WORK REQUIRED
Up to and including the line that contains "McMafia - galeria zdjęć - filmweb", write out every line of the entries exactly, beginning with the first. Omit the pictures.

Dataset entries
.....
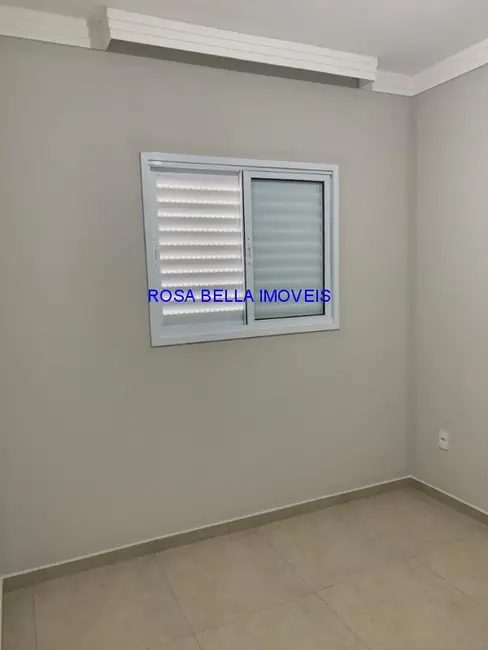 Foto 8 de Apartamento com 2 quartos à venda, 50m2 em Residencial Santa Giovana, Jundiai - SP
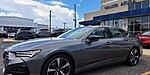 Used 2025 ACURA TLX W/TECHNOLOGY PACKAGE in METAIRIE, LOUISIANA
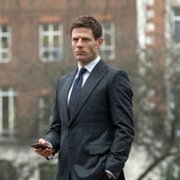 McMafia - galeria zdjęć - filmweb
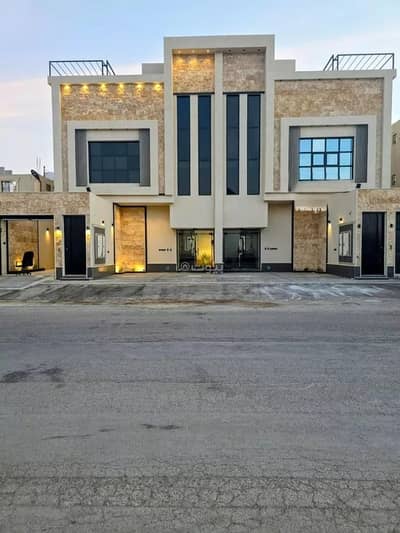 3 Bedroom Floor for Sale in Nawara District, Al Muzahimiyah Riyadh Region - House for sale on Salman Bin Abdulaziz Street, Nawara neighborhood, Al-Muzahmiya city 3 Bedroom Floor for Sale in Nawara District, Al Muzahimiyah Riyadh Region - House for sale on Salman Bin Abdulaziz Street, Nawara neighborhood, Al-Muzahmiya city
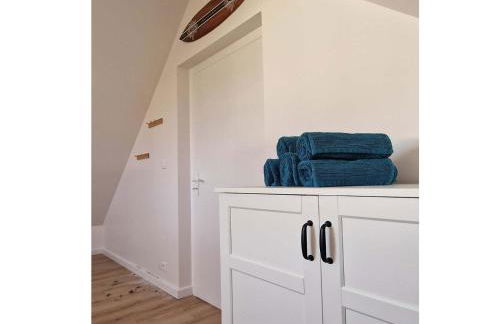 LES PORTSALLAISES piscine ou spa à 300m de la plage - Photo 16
.....
WORKED SOLUTION
 Foto 8 de Apartamento com 2 quartos à venda, 50m2 em Residencial Santa Giovana, Jundiai - SP
 Used 2025 ACURA TLX W/TECHNOLOGY PACKAGE in METAIRIE, LOUISIANA
 McMafia - galeria zdjęć - filmweb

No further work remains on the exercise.